_Dataset extract_.
++++++
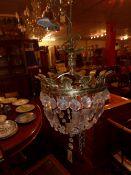 A gilt metal and cut glass basket form chandelier with leafy detail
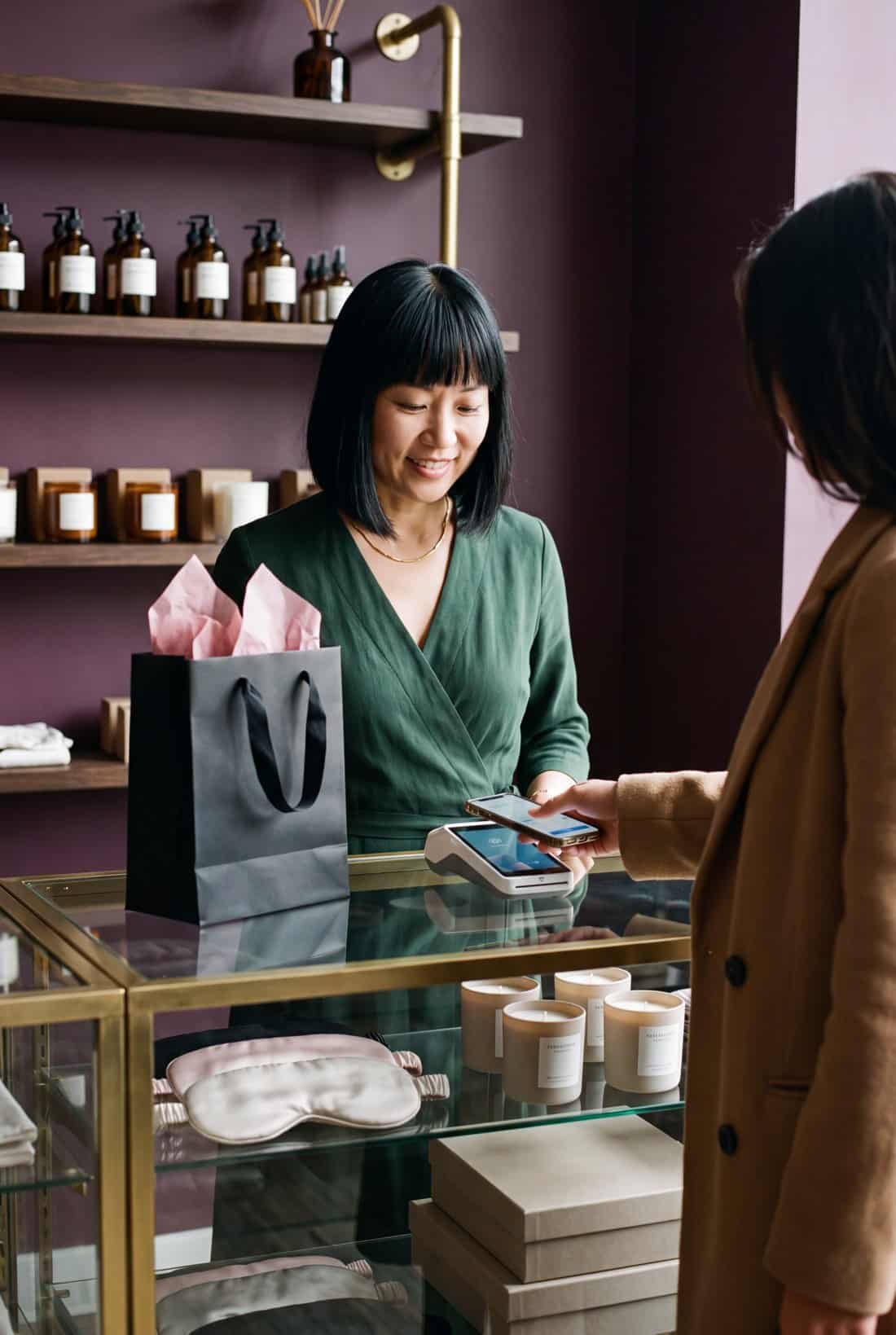 Adult boutique owner at a glass counter as a customer taps a phone on a card terminal to pay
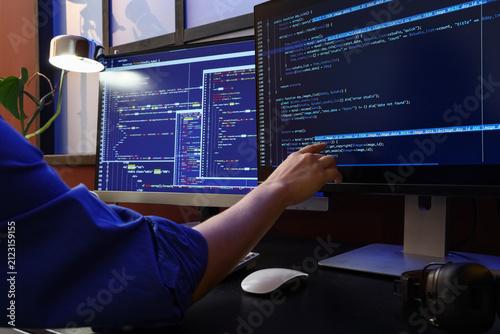Programmer working on multi...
++++++
_Task goal_. The pictures stay out; copy the rest of the data word for word.

_Task response_.
 A gilt metal and cut glass basket form chandelier with leafy detail
 Adult boutique owner at a glass counter as a customer taps a phone on a card terminal to pay
Programmer working on multi...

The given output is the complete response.